:: Given data ::

------------------------------------------------

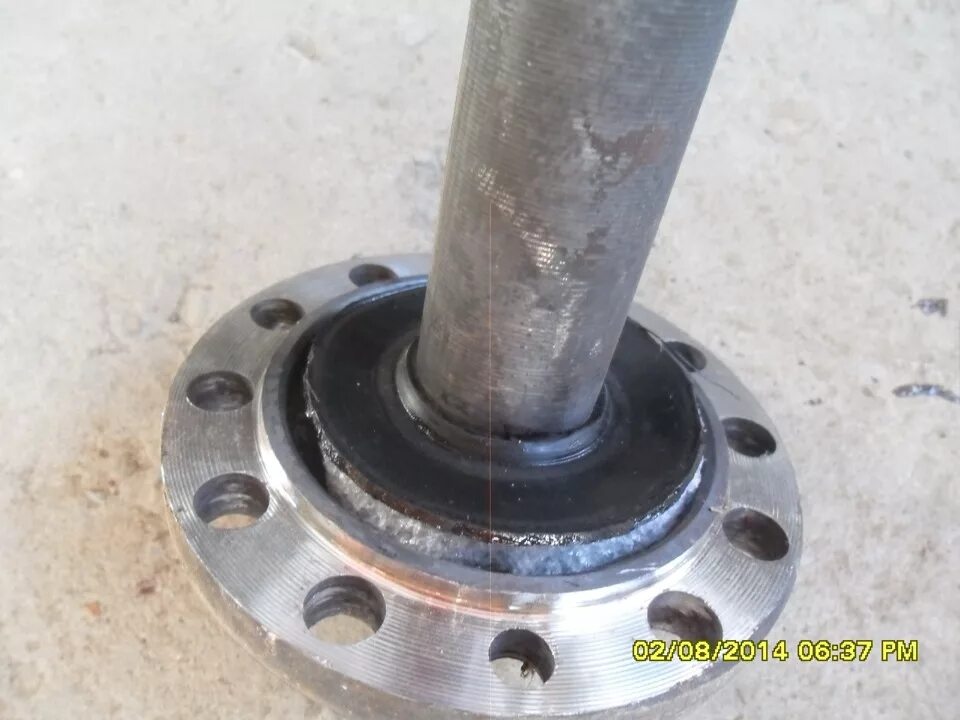 Ступица полуось. Ступица колеса нива 2121. Сальник полуоси заднего моста уаз 469. Ступица полуось. Ступица полуось.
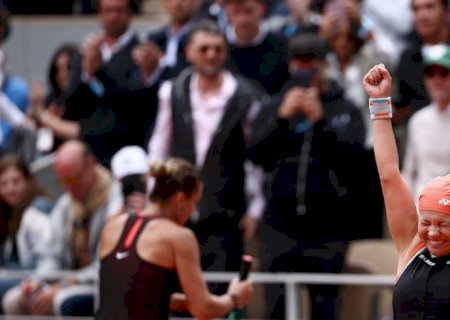 Russa Shnaider bate número 1 Sabalenka e vai à semi em Roland Garros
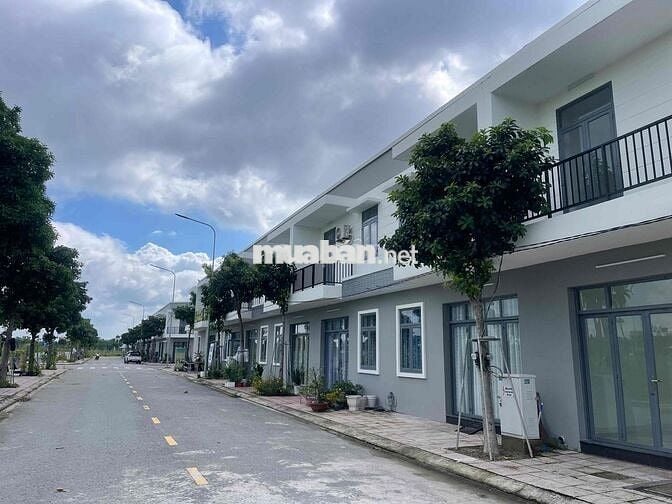 Kẹt tiền bán nhanh lô A47 Mega city chỉ 1 tỷ 150 bao phí ngang 6m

------------------------------------------------

:: Exercise instructions ::
What you give back must be exactly the lines of the listing above from the line containing "Russa Shnaider bate" through its last line, inclusive, without pictures, please.

:: Task output ::
 Russa Shnaider bate número 1 Sabalenka e vai à semi em Roland Garros
 Kẹt tiền bán nhanh lô A47 Mega city chỉ 1 tỷ 150 bao phí ngang 6m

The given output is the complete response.